Galleria Franco Noero, Turin
Through July 31

Ruth Root’s paintings are connected to the language that refers to classical abstraction. In the case of the American artist, her references to Mondrian are strong as the deconstruction of her paintings become precise, geometric "zones".

Root – as well as Peter Halley – uses abstraction to create a contemporary investigation of the New York urban landscape. Her traditional codes take on a symbolic value. Her geometric structures offer a range of significant and mutable images. They are no longer interpreted as a significant and isolated order but as a vehicle for latent meanings. Within the work the artist introduces various icons that interrupt the rectilinear aspect of the work as well as the pictorial surfaces. They focus on detail as a fragment of the narration, and as a physical element that is overbearingly present within a structure that, at first, appears to reproduce the fundamental rules of "classic" abstraction.

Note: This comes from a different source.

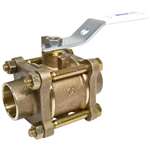 Lead Law Compliant 1-1/2 Bronze 600 # Teflon Sweat Full Port Ball Valve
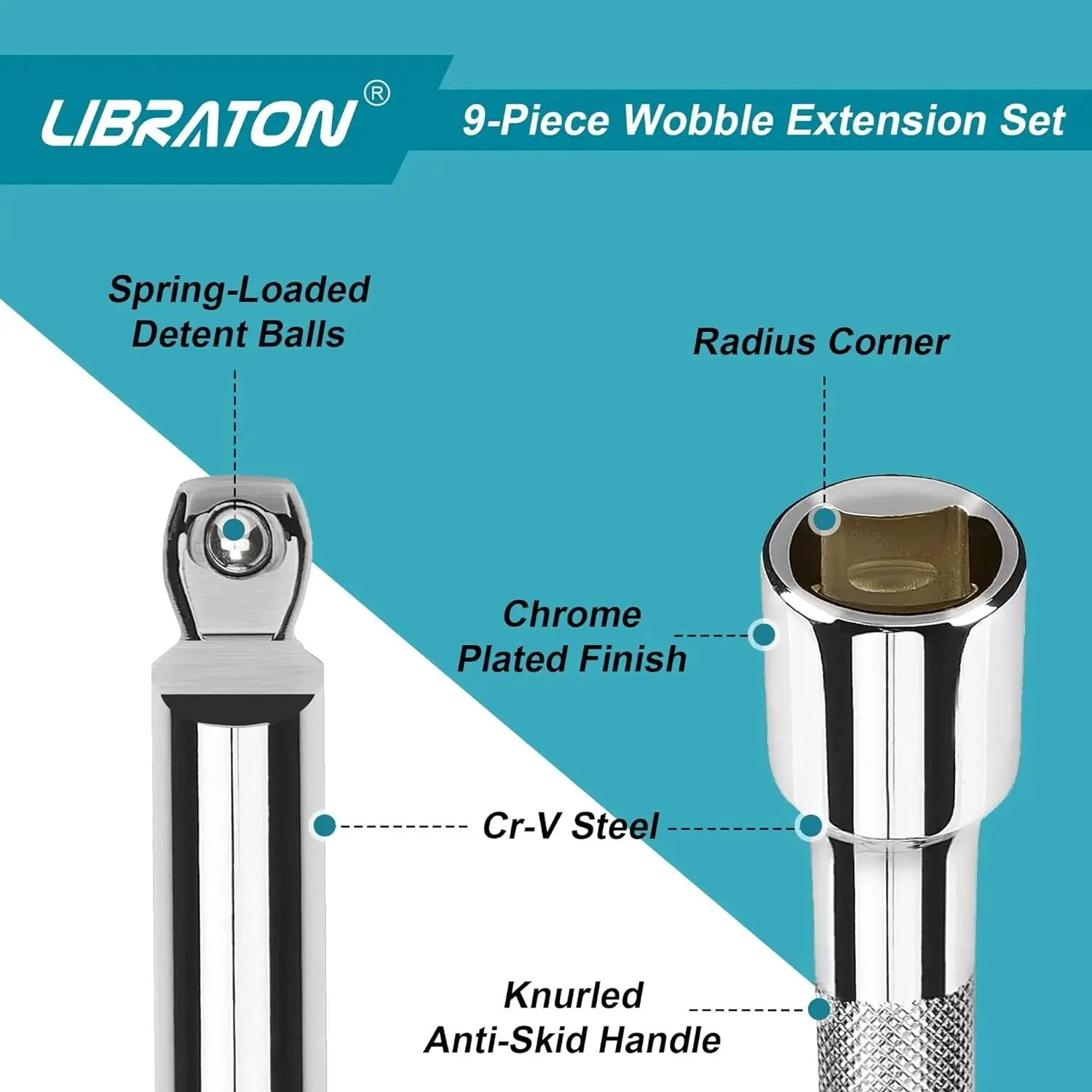 Set 6 Barre Estensione Oscillanti 1/4" - US Pro Tools Per Meccanici | Accessori Chiavi, Vassoio Schiuma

In her first Italian solo show, the New York artist has created several oil paintings and a series of works on paper. In some of the paintings, Root reveals her presence through a cigarette that lets out a thin line of smoke. This becomes a metaphor of herself in the act of painting. In another painting, one notices the eyes of the artist – painted in such a minimal format that one needs to make a perceptive effort to notice them – which seem to be taking a hard look at the internal reality of the painted gray ground.

The colors she uses seem to be mostly bright ones, with a partiality for intense red which emphasizes a perceptive impact and lights up the painted surfaces. The oil paintings on paper are collages. Their contours are intentionally irregular, directly pinned onto the wall. Little square windows are cut out of the works on paper and they seem to be prone to spy on a fragmented reality. They continually try to find a different balance in the world to refer to the existing one.